Merasa Bukan Caleg Cabe-cabean, Destiara Talita Buktikan dengan Ini

Tren Caleg Cabe-cabean

Merasa Bukan Caleg Cabe-cabean, Destiara Talita Buktikan dengan Ini

- detikNews
Jumat, 14 Mar 2014 14:56 WIB
Merasa Bukan Caleg Cabe-cabean, Destiara Talita Buktikan dengan Ini
(Foto: Koleksi Destiara Talita)
Jakarta - Artis cantik dan seksi Destiara Talita yang menjadi calon legislator (Caleg) Partai Keadilan dan Persatuan Indonesia (PKPI) mengaku kurang suka dengan munculnya istilah caleg cabe-cabean.

Istilah caleg cabe-cabean mendekati pemilu legislatif April mendatang sering dipakai di kalangan tim sukses. Konotasi istilah ini tidak bagus karena dipakai untuk membedakan dan mengetahui kualitas caleg benaran dan yang "karbitan".

Destiara mengemukakan alasan ketidaksukaannya dengan istilah caleg cabe-cabean apabila istilah tersebut ditujukan kepada dirinya. "Gak tahu itu ditujuin termasuk ke saya atau yang caleg-caleg artis gitu kan. Kita punya program, visi misi ke depan bagaimana, gak cuma modal popularitas sama tampang aja,” ujarnya kepada detikcom, Kamis (13/03/2014). “Kalau untuk pemanis aja sih gak juga ya," Destiara menambahkan.

Caleg berusia 25 tahun yang akrab disapa Tata ini lantas mengatakan, anggota DPR RI yang ideal yaitu yang menepati janji-janjinya jika berhasil menjadi anggota DPR. Bekerja dengan bagus, tidak sering bolos serta memperjuangkan aspirasi masyarakat.

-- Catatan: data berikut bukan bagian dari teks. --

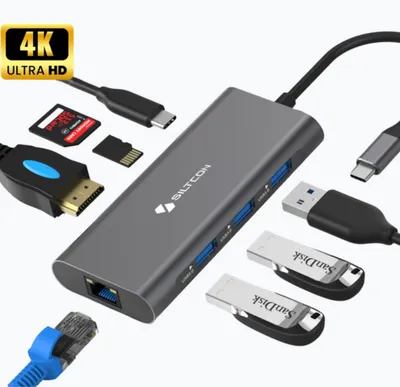 Productafbeelding van Siltcon® 8-in-1 USB C Hub - USB Naar HDMI, USB 3.0*3 - 4K 30Hz, RJ45, SD/TF - Premium - Spacegrey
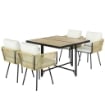 SET DA GIARDINO 5 PEZZI CON TAVOLO IN LEGNO-PLASTICA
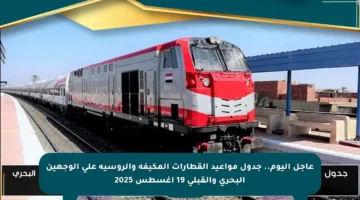 عاجل اليوم.. جدول مواعيد القطارات المكيفة والروسية على الوجهين البحري والقبلي 19 أغسطس 2025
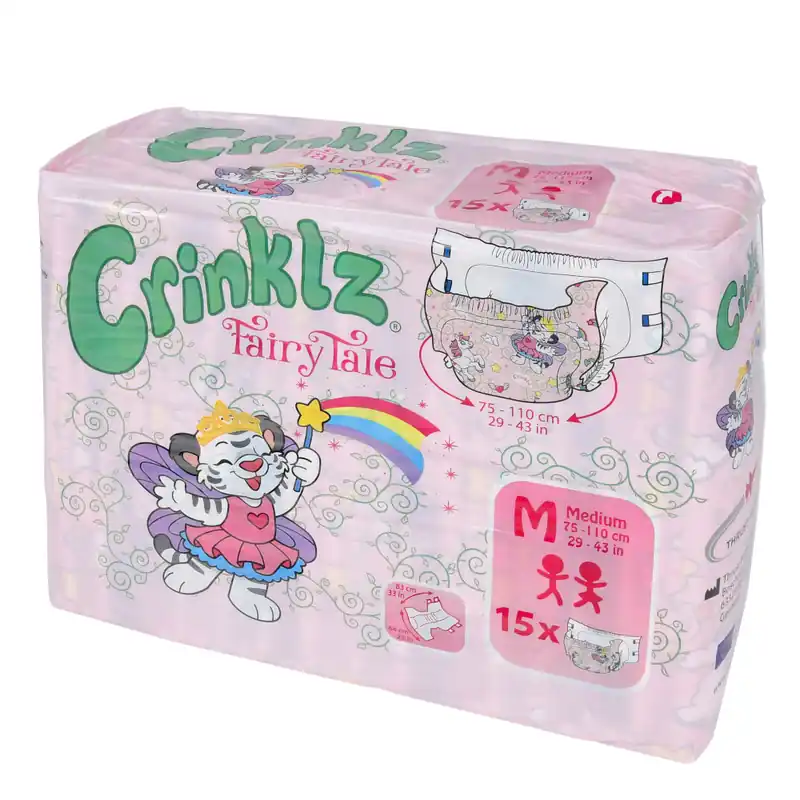Letzte Chance Crinklz "Fairy Tale" Windeln mit lustigen Traumland Motiven - Medium (M)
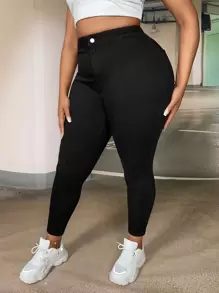 SHEIN SXY Plus Solid Skinny Jeans - Black - View 4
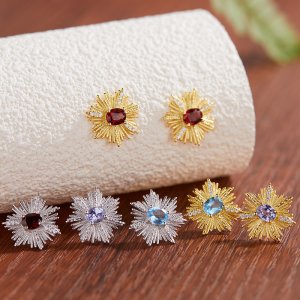 S925 Sterling Silver Stud Earrings with Natural Garnet Tanzanite and Topaz Gemstones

"Yang jelas, kalau nanti jadi (anggota DPR), sesuai dengan janji-janjinya, ditepati, kerjanya bagus, gak sering bolos, yang penting memperjuangkan aspirasi masyarakat, gak mentingin diri sendiri, dan gak korupsi,” tutur Destiara menguraikan.

Destiara, yang foto-fotonya pernah tampil di majalah pria dewasa ini menilai anggota DPR yang saat ini sedang menjabat, belum sesuai harapan masyarakat. Sebab, hasil kerjanya belum kelihatan dengan jelas dan tidak terlalu berefek pada masyarakat.

"Kalau menurut saya sendiri, belum karena memang belum kelihatan jelas yang mereka hasilkan apa aja, yang masyarakat tahu yang jelek-jeleknya saja," kata caleg untuk daerah pemilihan (Dapil) Jabar VIII yang meliputi Kota Cirebon, Kabupaten Cirebon, dan Indramayu ini.

"Kita gak tahu yang mereka hasilkan itu memang ada, cuma gak terlalu berefek banyak bagi masyarakat,” kata Destiara meneruskan.

Calon legislator dinilai harus kompeten dan tidak hanya mengandalkan tampang untuk menarik perhatian masyarakat pemilih. Adanya istilah caleg cabe-cabean karena dipengaruhi tidak berkualitasnya individu caleg dan sekedar dijadikan pemanis partai politik.

Pakar komunikasi politik dari Universitas Indonesia (UI) Ari Junaedi menyebut partai politik harus mengakui kalau gagal merekrut kadernya. Dengan cara instan, sulit bagi parpol menemukan karakter kader yang tangguh dan paham dengan persoalan konstituen.

“Parpol itu tidak sabar. Caleg kayak gitu kan cuma pemanis, jadi penarik suara, modal cantik. Saya lihat itu jadi casing doang tapi baterenya enggak berkualitas,” kata Ari kepada detikcom, Kamis (13/03/2014), tanpa menyebut caleg yang dimaksudnya itu.